Work to be completed:
Output each line from the one that contains "image 5 of SE" to the final line of the data below, exactly, and include nothing else.

☆ ☆ ☆ ☆ ☆

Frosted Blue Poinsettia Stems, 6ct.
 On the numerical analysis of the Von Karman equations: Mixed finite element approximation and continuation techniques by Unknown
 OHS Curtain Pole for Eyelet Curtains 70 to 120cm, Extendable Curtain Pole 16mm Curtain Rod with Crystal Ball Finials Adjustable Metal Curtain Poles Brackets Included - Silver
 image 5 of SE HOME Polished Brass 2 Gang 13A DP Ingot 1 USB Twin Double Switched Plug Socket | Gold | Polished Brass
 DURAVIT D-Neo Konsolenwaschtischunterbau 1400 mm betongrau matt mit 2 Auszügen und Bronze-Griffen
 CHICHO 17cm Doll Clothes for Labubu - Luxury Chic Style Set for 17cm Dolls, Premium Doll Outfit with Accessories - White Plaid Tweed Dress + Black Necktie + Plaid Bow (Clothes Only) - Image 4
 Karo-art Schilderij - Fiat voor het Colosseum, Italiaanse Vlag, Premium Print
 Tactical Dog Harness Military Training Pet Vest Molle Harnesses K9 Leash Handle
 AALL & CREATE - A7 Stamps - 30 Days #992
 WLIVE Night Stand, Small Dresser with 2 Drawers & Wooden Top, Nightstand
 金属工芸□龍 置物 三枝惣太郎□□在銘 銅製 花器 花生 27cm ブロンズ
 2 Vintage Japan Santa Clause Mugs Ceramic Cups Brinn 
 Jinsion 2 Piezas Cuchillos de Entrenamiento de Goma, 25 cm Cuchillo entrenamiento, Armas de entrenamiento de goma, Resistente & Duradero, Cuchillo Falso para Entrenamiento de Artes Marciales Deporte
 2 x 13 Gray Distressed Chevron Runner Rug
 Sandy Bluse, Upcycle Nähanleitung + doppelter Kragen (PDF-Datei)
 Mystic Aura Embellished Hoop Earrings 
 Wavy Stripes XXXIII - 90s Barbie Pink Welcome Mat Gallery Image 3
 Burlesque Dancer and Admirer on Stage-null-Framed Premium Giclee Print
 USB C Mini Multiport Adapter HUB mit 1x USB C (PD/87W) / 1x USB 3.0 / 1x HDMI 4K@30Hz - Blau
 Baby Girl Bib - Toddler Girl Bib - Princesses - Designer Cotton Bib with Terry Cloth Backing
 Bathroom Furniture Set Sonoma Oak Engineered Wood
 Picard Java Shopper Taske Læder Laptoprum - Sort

☆ ☆ ☆ ☆ ☆

Written answer:
 image 5 of SE HOME Polished Brass 2 Gang 13A DP Ingot 1 USB Twin Double Switched Plug Socket | Gold | Polished Brass
 DURAVIT D-Neo Konsolenwaschtischunterbau 1400 mm betongrau matt mit 2 Auszügen und Bronze-Griffen
 CHICHO 17cm Doll Clothes for Labubu - Luxury Chic Style Set for 17cm Dolls, Premium Doll Outfit with Accessories - White Plaid Tweed Dress + Black Necktie + Plaid Bow (Clothes Only) - Image 4
 Karo-art Schilderij - Fiat voor het Colosseum, Italiaanse Vlag, Premium Print
 Tactical Dog Harness Military Training Pet Vest Molle Harnesses K9 Leash Handle
 AALL & CREATE - A7 Stamps - 30 Days #992
 WLIVE Night Stand, Small Dresser with 2 Drawers & Wooden Top, Nightstand
 金属工芸□龍 置物 三枝惣太郎□□在銘 銅製 花器 花生 27cm ブロンズ
 2 Vintage Japan Santa Clause Mugs Ceramic Cups Brinn 
 Jinsion 2 Piezas Cuchillos de Entrenamiento de Goma, 25 cm Cuchillo entrenamiento, Armas de entrenamiento de goma, Resistente & Duradero, Cuchillo Falso para Entrenamiento de Artes Marciales Deporte
 2 x 13 Gray Distressed Chevron Runner Rug
 Sandy Bluse, Upcycle Nähanleitung + doppelter Kragen (PDF-Datei)
 Mystic Aura Embellished Hoop Earrings 
 Wavy Stripes XXXIII - 90s Barbie Pink Welcome Mat Gallery Image 3
 Burlesque Dancer and Admirer on Stage-null-Framed Premium Giclee Print
 USB C Mini Multiport Adapter HUB mit 1x USB C (PD/87W) / 1x USB 3.0 / 1x HDMI 4K@30Hz - Blau
 Baby Girl Bib - Toddler Girl Bib - Princesses - Designer Cotton Bib with Terry Cloth Backing
 Bathroom Furniture Set Sonoma Oak Engineered Wood
 Picard Java Shopper Taske Læder Laptoprum - Sort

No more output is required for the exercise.